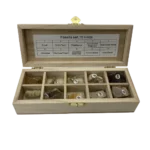 Fossils Set 10pcs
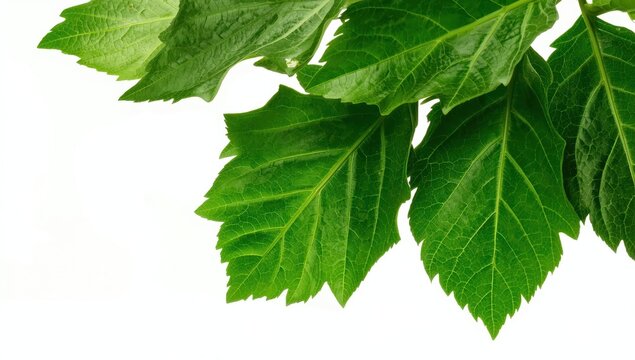 Egyptian molokhia leaves on a white background.
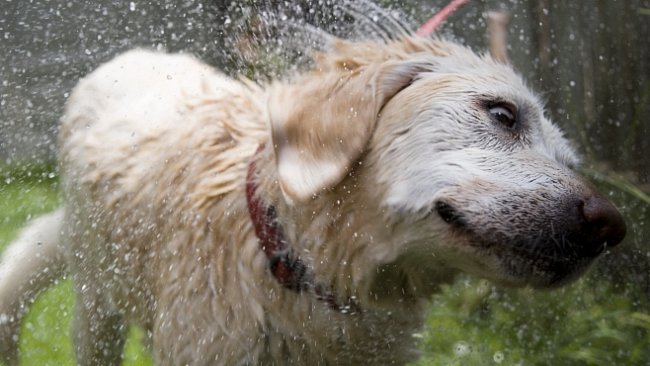 Vrtěti psem: během čtyř sekund do sucha. Vědci odhalili, jak to psi dělají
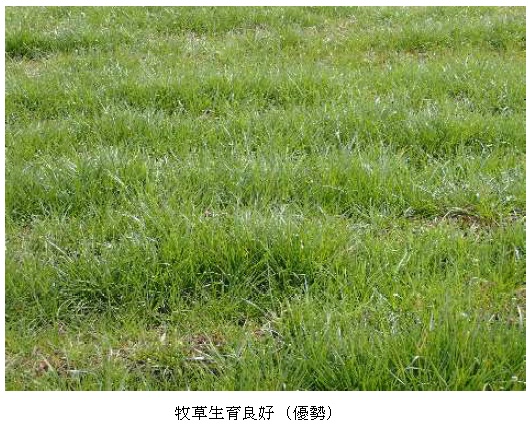 イタリアンライグラス|はやまき18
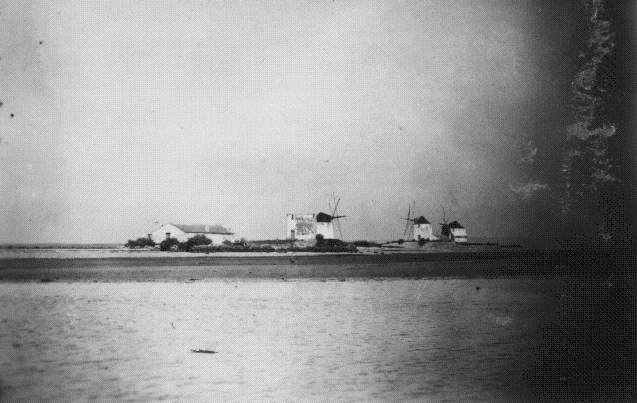 [moinho+samouco.jpg]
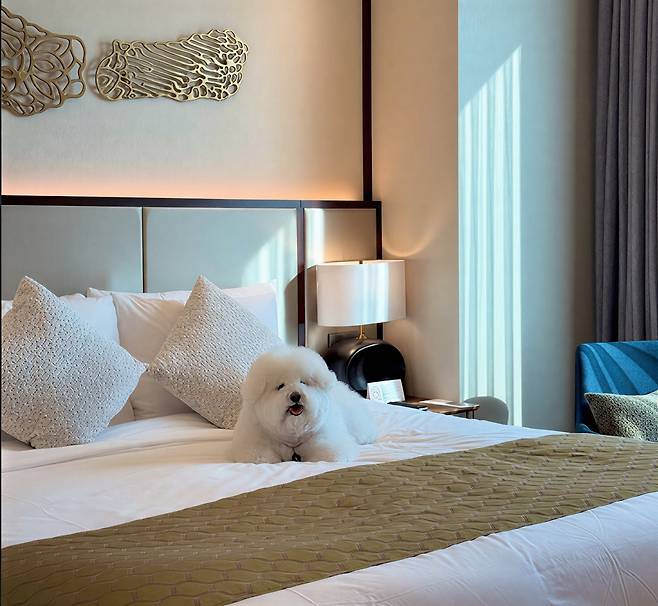 프리미엄 서비스를 강화한 펫프렌들리 객실 [서울드래곤시티 제공]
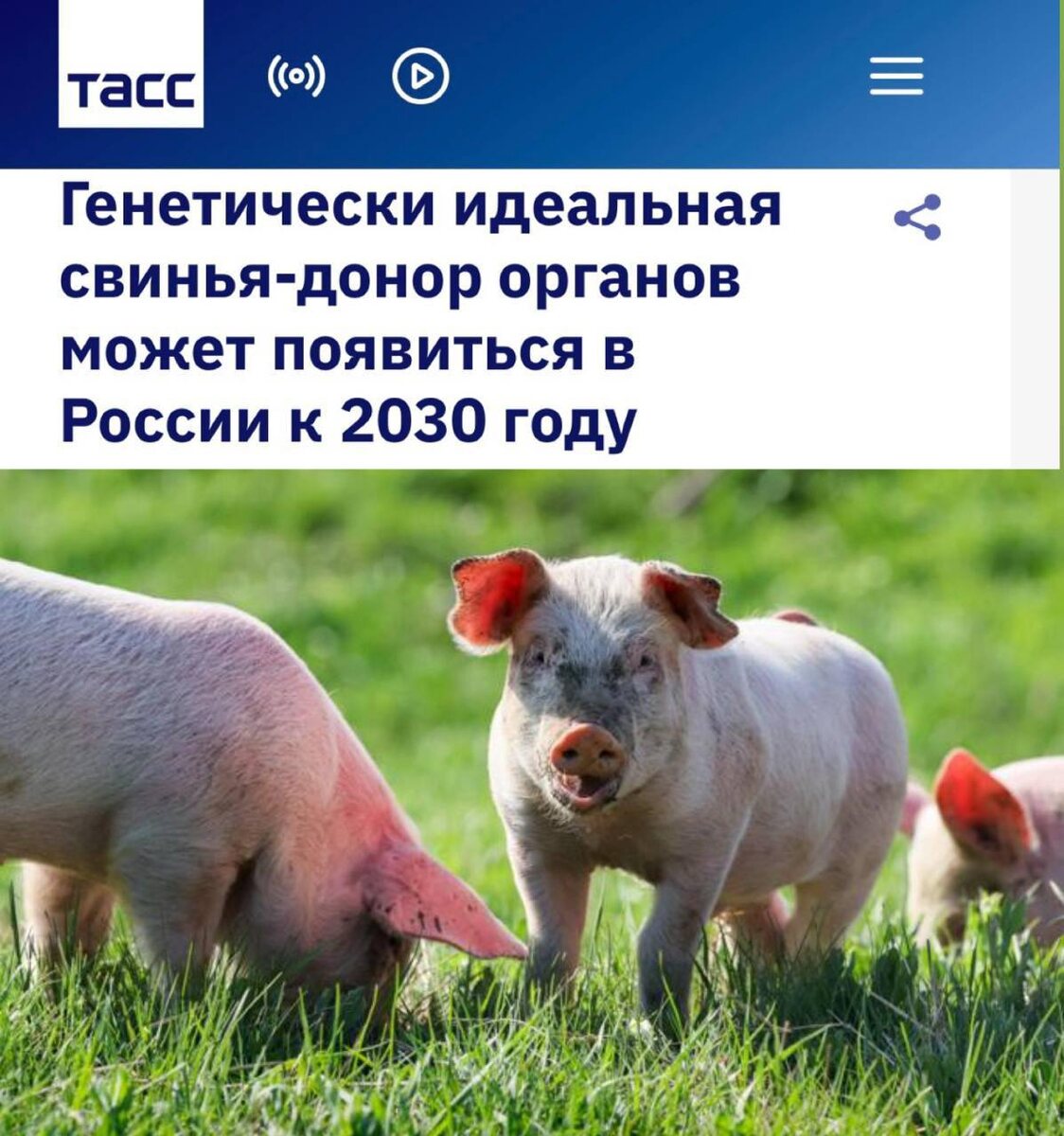 Ваше новое сердце будет от свиньи. И его оплатит государство!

==*==

Please print exactly the lines running from the line with "프리미엄 서비스를 강화한 펫프렌들리 객실 [서울드래곤시티 제공]" through the final line of the material, and nothing more. Keep pictures out.

Task output.
 프리미엄 서비스를 강화한 펫프렌들리 객실 [서울드래곤시티 제공]
 Ваше новое сердце будет от свиньи. И его оплатит государство!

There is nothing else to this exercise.